• Try it: After locating the line that holds "The HB: High Rise Light Wash Straight Jeans", repeat it and each following line exactly until the material ends, skipping pictures.

• Provided data:
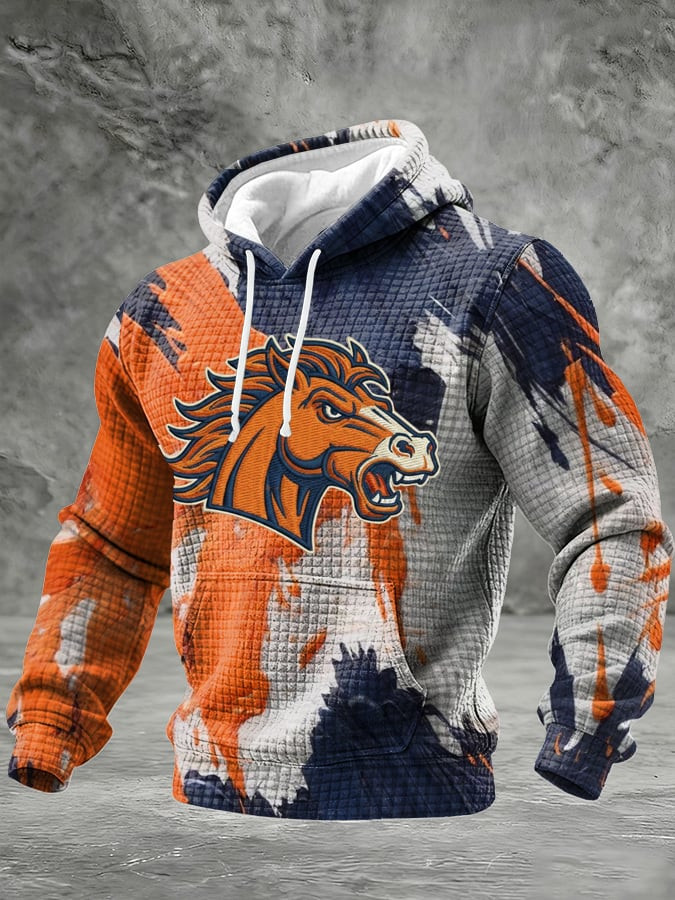 Denver Football Waffle Hoodie Game Day Apparel DB Hoodie Gifts For Denver Football Fans Denver Football Waffle Hoodie Game Day Apparel DB Hoodie Gifts For Denver Football Fans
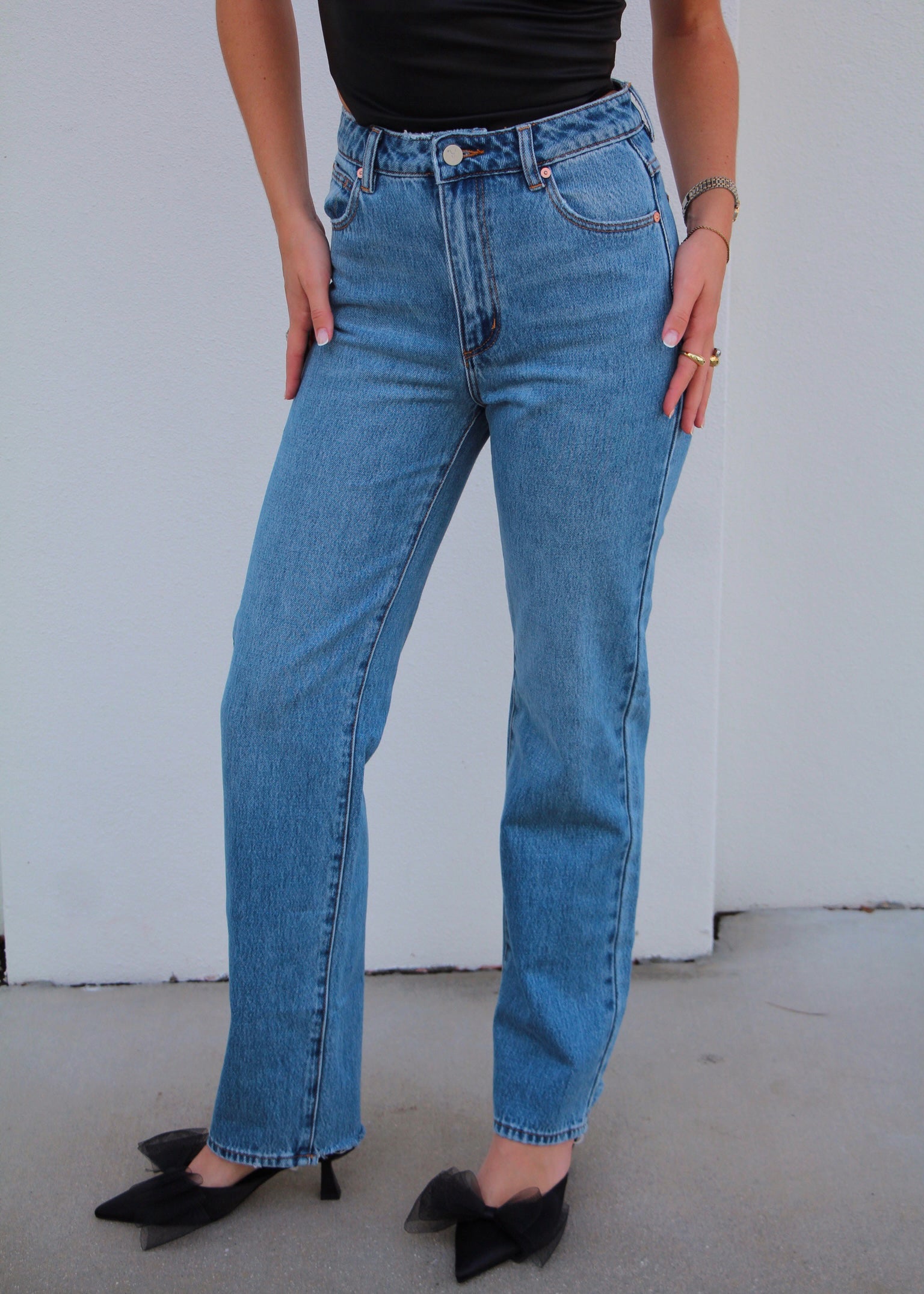The HB: High Rise Light Wash Straight Jeans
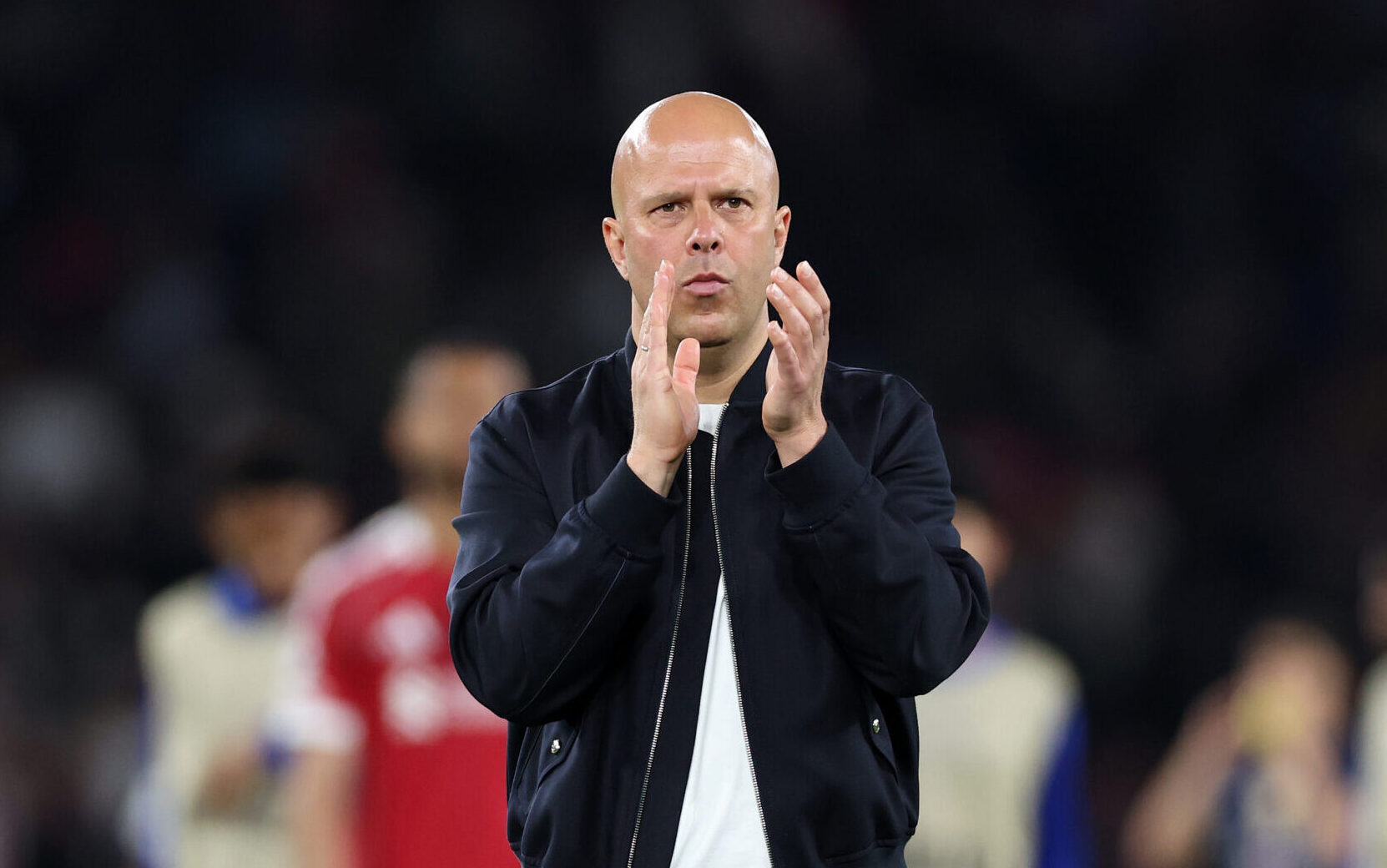 Arne Slot, Manager of Liverpool, applauds the fans after the UEFA Champions League 2025/26 Quarter-Final First Leg match between Paris Saint-Germain FC and Liverpool FC at Parc des Princes on April 08, 2026 in Paris, France.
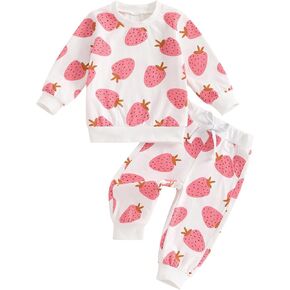 Fernvia Toddler Baby Girl Clothes 3 6 9 12 18 24 Months Printed Long Sleeve Sweatshirt Top & Pants Set Fall Winter Outfits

• Answer to this task:
The HB: High Rise Light Wash Straight Jeans
 Arne Slot, Manager of Liverpool, applauds the fans after the UEFA Champions League 2025/26 Quarter-Final First Leg match between Paris Saint-Germain FC and Liverpool FC at Parc des Princes on April 08, 2026 in Paris, France.
 Fernvia Toddler Baby Girl Clothes 3 6 9 12 18 24 Months Printed Long Sleeve Sweatshirt Top & Pants Set Fall Winter Outfits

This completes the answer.